My contention is that throughout the history of Christendom that small, independent groups existed that help to a simple, orthodox Christianity like the Reformers promoted. These go by many names in history and are often lumped together with other groups the Catholics considered heretical. Yet, if you read carefully between the lines of history, it is clear that there always existed groups that held the Bible as sole authority, taught salvation by grace through faith, rejected infant baptism, and refused to pray to Mary. These groups did nor build grand cathedrals or run nation-states. They existed in the background of society and faced persecution and ridicule.

During the Reformation era, many of these were lumped into the Anabaptist category. That is such a broad term that it includes pacifists like the Amish and the warmongers that led the M√ľnster rebellion. Many of these faced persecution and propaganda from both the Catholics and Reformers.

Misinterpreting the Reformation

I think one of the main reasons that the Reformation is misinterpreted is that of bias. For Americans, we owe a great debt to the spiritual, cultural, and political effects of the Reformation. For Protestants, they want to aggrandize their own history and accomplishments. If you are an Italian Roman Catholic I am sure you have a very different view. The same would go for many others across the globe.

The biggest problem I have with embellishing the Reformation is that it can actually weaken the positions held by Protestants. If you hold that true Christianity is based on Scripture alone, you must logically also hold that the truths of the Reformation preexisted it. You must hold that anyone with a Bible can and will come to the same conclusions about true Christianity. To hold any other position says that either (A) true Christianity was lost for centuries between the first centuries A.D. and the Reformation or (B) that the ideas of the Reformation are only another evolution of Christianity that was bred by discontent with Catholicism. Either of these greatly undermines the defense of Reformation ideas.

A Baptist Position

I am a Baptist. I cannot find from history how the Reformation invented the distinctive Baptist beliefs and therefore do not count myself as a Protestant. While I share many positions with my Reformed brethren, I do not count myself as a product of the Reformation. When I trace the history and heritage of Baptists, it is clear to me that men and women that believed like me existed during and before the Reformation. Whether or not you want to fully embrace Baptist successionism as found in J.M Carroll’s Trail of Blood is beside the point. It is clear from history that the core positions of the Baptists predate the Reformation, just as the Reformation’s own positions do.

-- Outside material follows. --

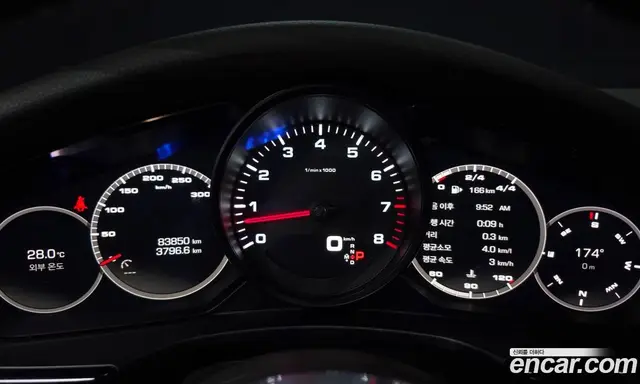 Porsche Panamera 2018 3.0 автомат (гидро), миниатюра 11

While I am thankful for many of the benefits of the Reformation, especially the renewed call of salvation by grace through faith, I cannot ignore that not every aspect of it was positive. The ties of church and state were only strengthened in many areas. Some Reformers became persecutors of those that disagreed with them. Many errors in Catholic theology and practice were not completely eradicated in some denominations.